I have been thinking about induction and deduction. I was taught that I could prove something was true with deduction but not with induction. A logical argument gives truth with a capital T. But for years I have not accepted this way to thinking. All the logical argument gives is a relationship. If the axioms are True then the conclusion is True and if the conclusion is False then one or more of the axioms is False. But how do you get your first couple of True axioms, the axioms that are needed for the first True conclusion. Not with logic obviously. How axioms have been identified in the past is by induction. They are statements we find trustworthy because we have never encountered them to be suspect.

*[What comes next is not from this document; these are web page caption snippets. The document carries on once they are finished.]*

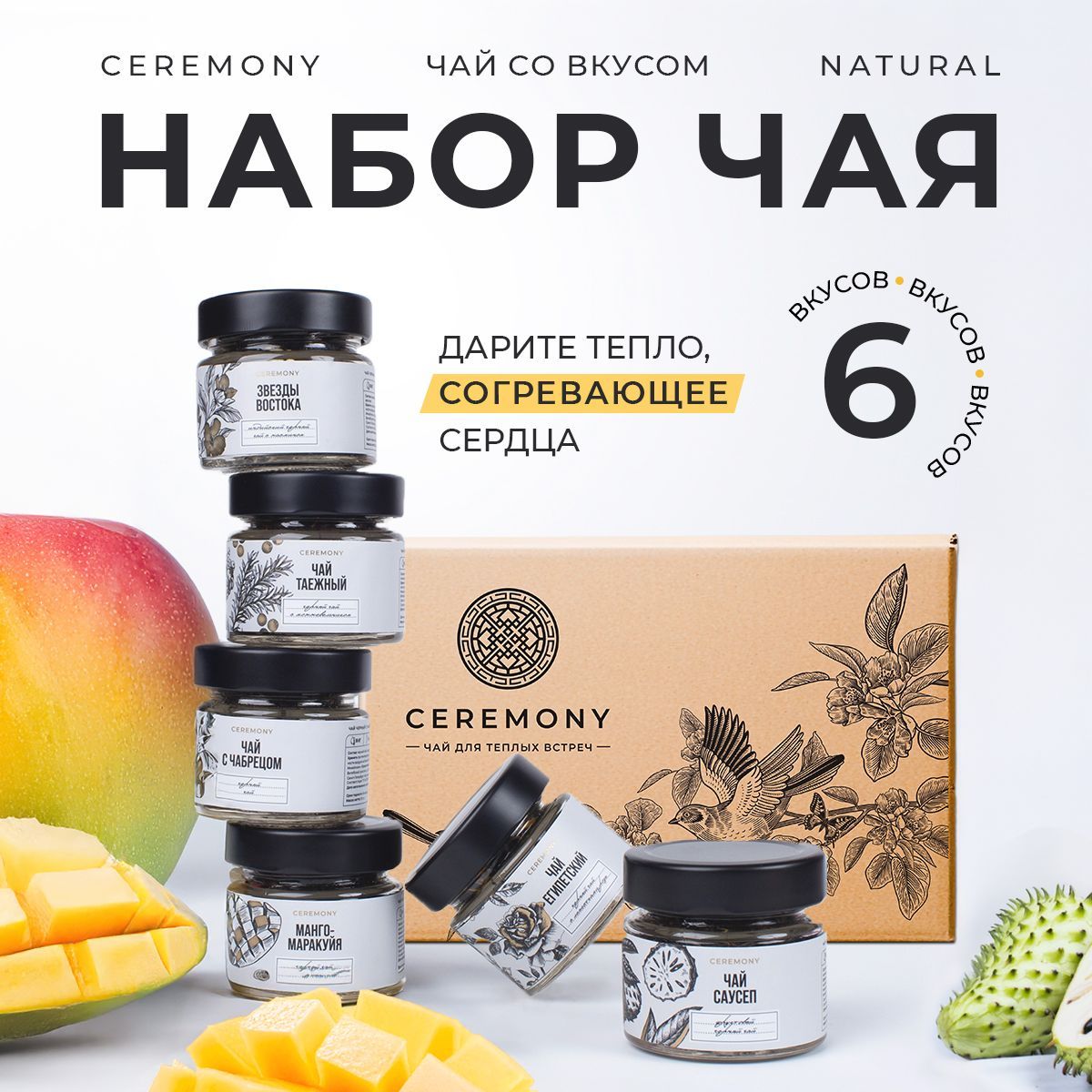 Набор Чая Подарочный 6 Вкусов в Баночках Ceremony Чай Листовой Черный с Добавками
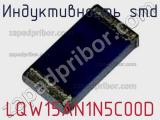 Индуктивность SMD LQW15AN1N5C00D фотография 2.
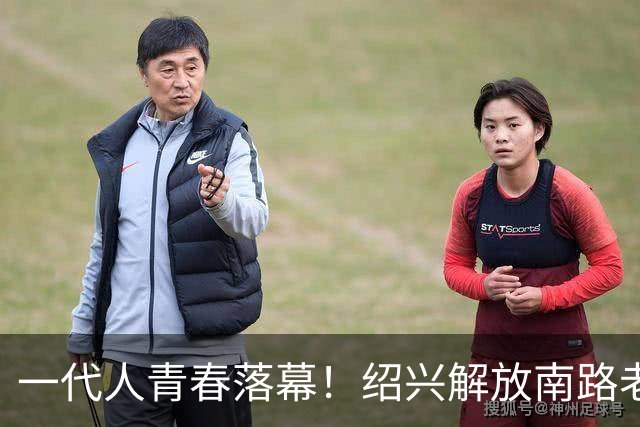 一代人青春落幕！绍兴解放南路老牌百货大楼，15年租约成交！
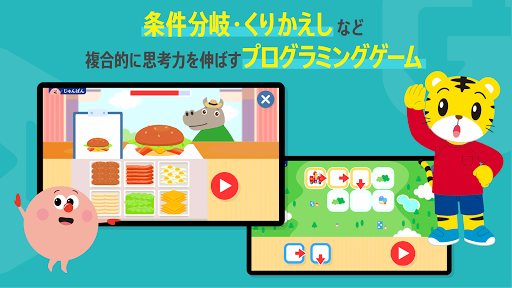 プログラミングプラスアプリ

It does seem a bit ironic that deduction is held to be more rigorous than induction when at the bottom of a deduction are axioms arrived at by induction. So I just assume there are no truths with a capital T.

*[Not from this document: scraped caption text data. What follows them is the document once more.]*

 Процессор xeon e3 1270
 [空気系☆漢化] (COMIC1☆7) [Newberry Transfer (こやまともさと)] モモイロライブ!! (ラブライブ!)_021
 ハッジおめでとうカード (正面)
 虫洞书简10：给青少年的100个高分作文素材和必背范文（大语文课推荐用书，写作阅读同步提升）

But induction is much stronger than it is usually portrayed. Popper seemed to think that a strong case for inductive arguments could not be made and that the best that could be done was to falsify those that could be falsified and temporarily assuming that the rest were OK (but certainly not true even without a capital). This is somewhat counter-intuitive, because we do trust inductions more if they are ‘confirmed’. Confirmation is somehow more valued than falsification – probably because we are more interested in what has a good chance of being true than what is almost certain to be false.

The Bayesian probability adherents make the argument that by confirmations piling up, each making it more probable that a statement is true, a statement can become so close to true that it makes no-never-mind. Many believe that our minds use a Bayesian approach to understanding the world. Of course nothing that is statistical is going to merit an actual true with a capital T. So I have to again accept that there is no true with a capital T. Even if many confirmations and no falsification is close.

But there is a deeper problem than even induction under Bayesian rules of probability. Our knowledge is not little bits and pieces that can be confirmed or found false, this is a simplification that can confuse. What we have is a huge web of knowledge, not independent bits. This does not lend itself to actual Bayesian calculations, but the general idea is still valid. New (and therefore suspect) ideas are confirmed or falsified by being set in that web of knowledge – they eventually fit or don’t fit. Each confirmation strengthens the web as well as the new idea; and, each falsification can be interpreted as a fault in the web as well as the failure of the new idea, but it is almost always the web that stays and the new idea that is thrown away. This has been going on for a few centuries and the web is very strong. It takes an upheaval every once in a while but it is as close to true as we have. It is in essence a product of induction and not deduction.

Occam’s razor is dull

Occam’s Razor is a very respectable rule of thumb. Basically it says that if you have to choose between two explanations that appear equally strong, choose the simplest. This may sound great and may work in some circles but IT IS NOT A GOOD RULE IN BIOLOGY and that includes neuroscience.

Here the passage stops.